++++ Records for the exercise

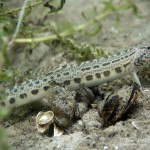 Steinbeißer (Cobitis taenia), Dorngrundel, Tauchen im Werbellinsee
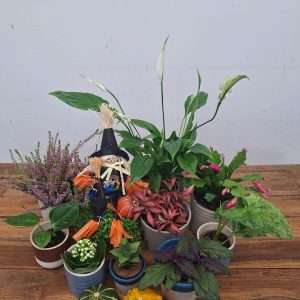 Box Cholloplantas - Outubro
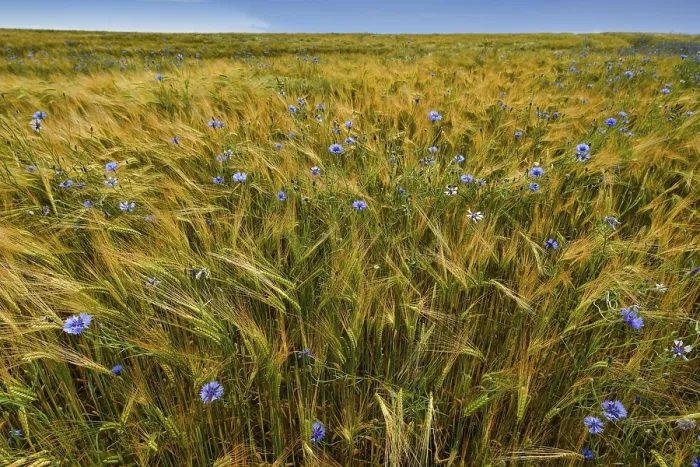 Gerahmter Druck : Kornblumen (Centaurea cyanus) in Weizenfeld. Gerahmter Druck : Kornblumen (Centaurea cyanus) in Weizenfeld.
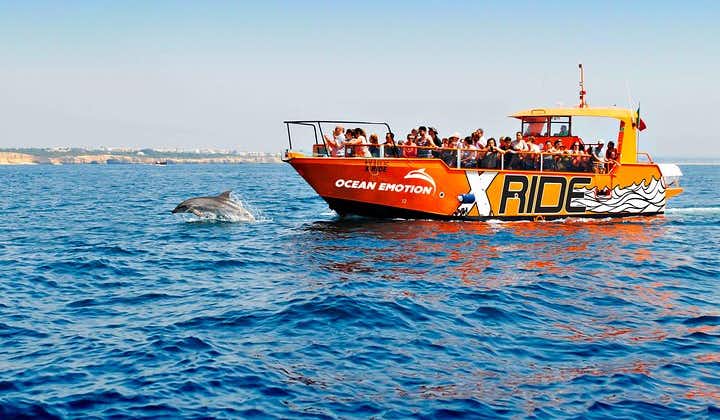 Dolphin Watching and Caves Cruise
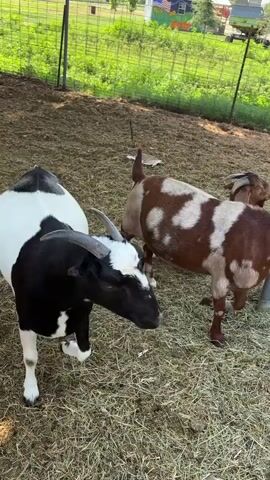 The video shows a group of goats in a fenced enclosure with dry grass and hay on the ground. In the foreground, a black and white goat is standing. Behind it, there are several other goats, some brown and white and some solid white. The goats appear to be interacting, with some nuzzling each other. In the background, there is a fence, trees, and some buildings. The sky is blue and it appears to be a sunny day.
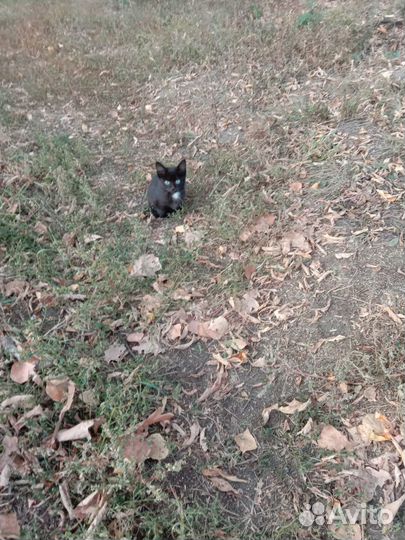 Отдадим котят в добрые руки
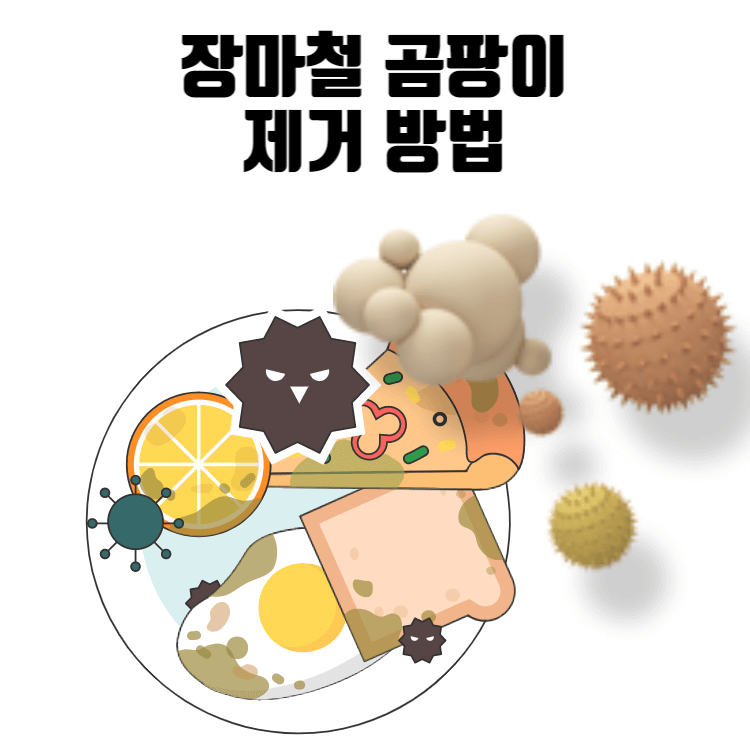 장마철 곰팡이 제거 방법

++++++++
++++ Records for the exercise

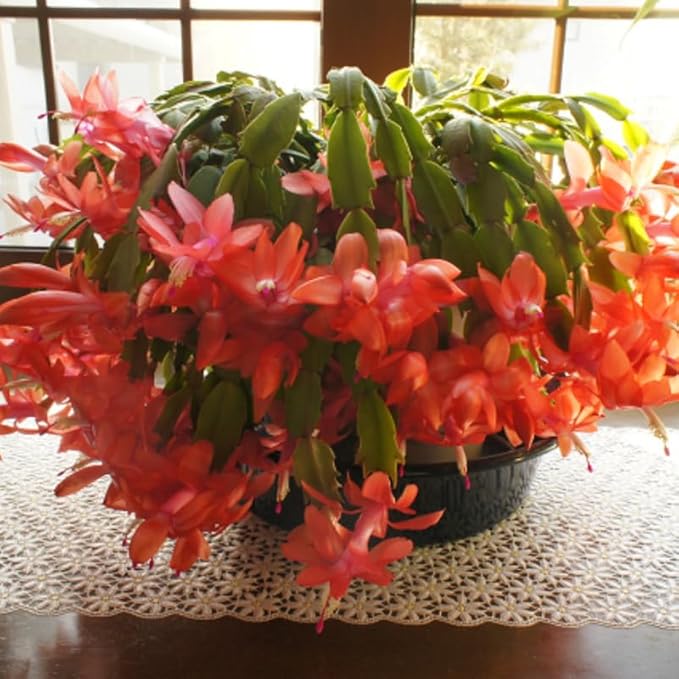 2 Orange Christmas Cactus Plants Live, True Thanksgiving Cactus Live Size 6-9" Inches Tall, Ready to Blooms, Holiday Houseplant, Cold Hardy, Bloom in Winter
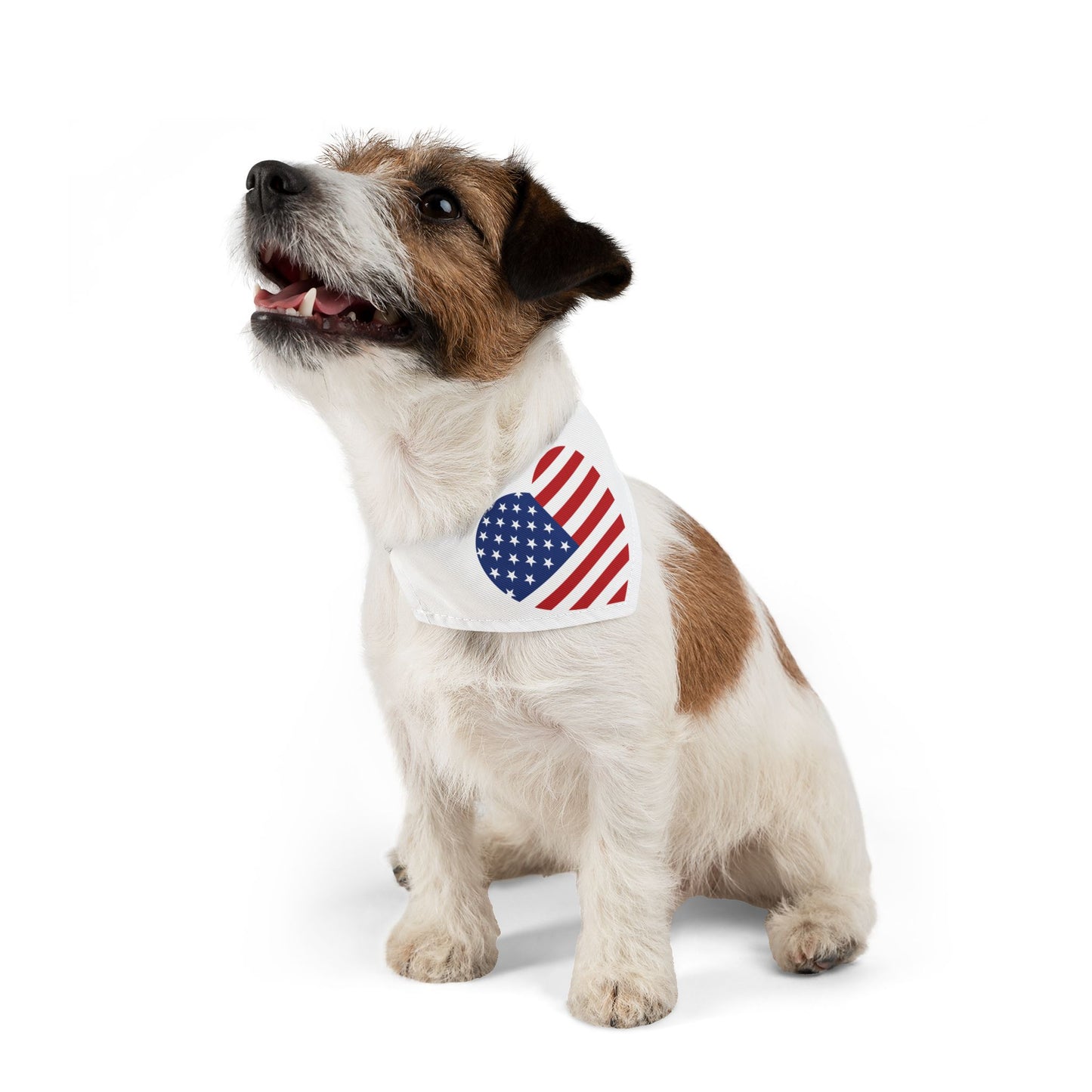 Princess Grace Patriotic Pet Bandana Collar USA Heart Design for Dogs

++++++++

**Problem description:** From the records above, transcribe exactly the lines starting at the one containing "in Weizenfeld. Gerahmter" and ending at the one containing "Dolphin Watching and Caves Cruise". Skip the pictures.

**Response for this exercise:**
 Gerahmter Druck : Kornblumen (Centaurea cyanus) in Weizenfeld. Gerahmter Druck : Kornblumen (Centaurea cyanus) in Weizenfeld.
 Dolphin Watching and Caves Cruise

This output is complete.